======== Information shown

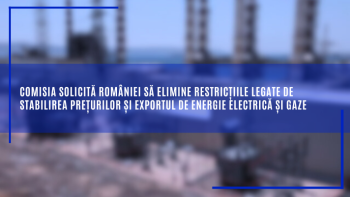 Comisia Europeană solicită României să elimine restricţiile legate de stabilirea preţurilor şi exportul de energie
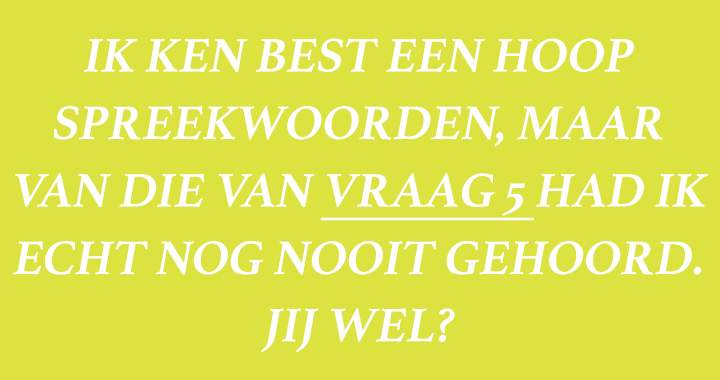 Ken jij het spreekwoord van vraag 5?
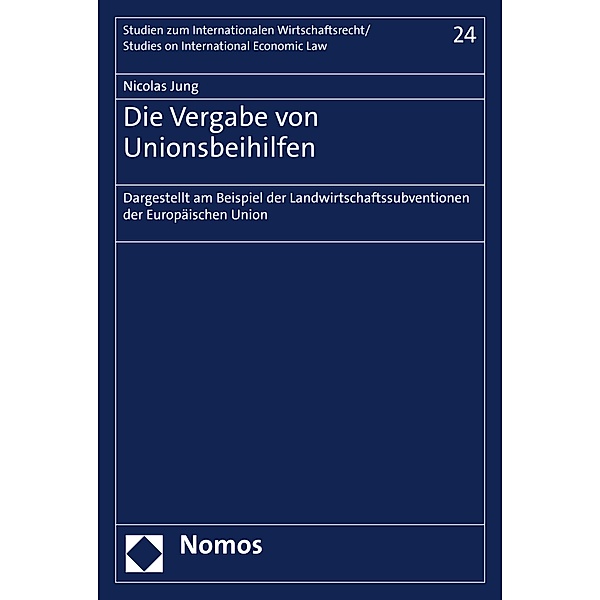 Die Vergabe von Unionsbeihilfen / Studien zum internationalen Wirtschaftsrecht/Studies on international Economic Law Bd.24, Nicolas Jung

================

* **What the exercise asks**: With the pictures omitted, reproduce the data above exactly.

* **Problem solution**:
 Comisia Europeană solicită României să elimine restricţiile legate de stabilirea preţurilor şi exportul de energie
 Ken jij het spreekwoord van vraag 5?
 Die Vergabe von Unionsbeihilfen / Studien zum internationalen Wirtschaftsrecht/Studies on international Economic Law Bd.24, Nicolas Jung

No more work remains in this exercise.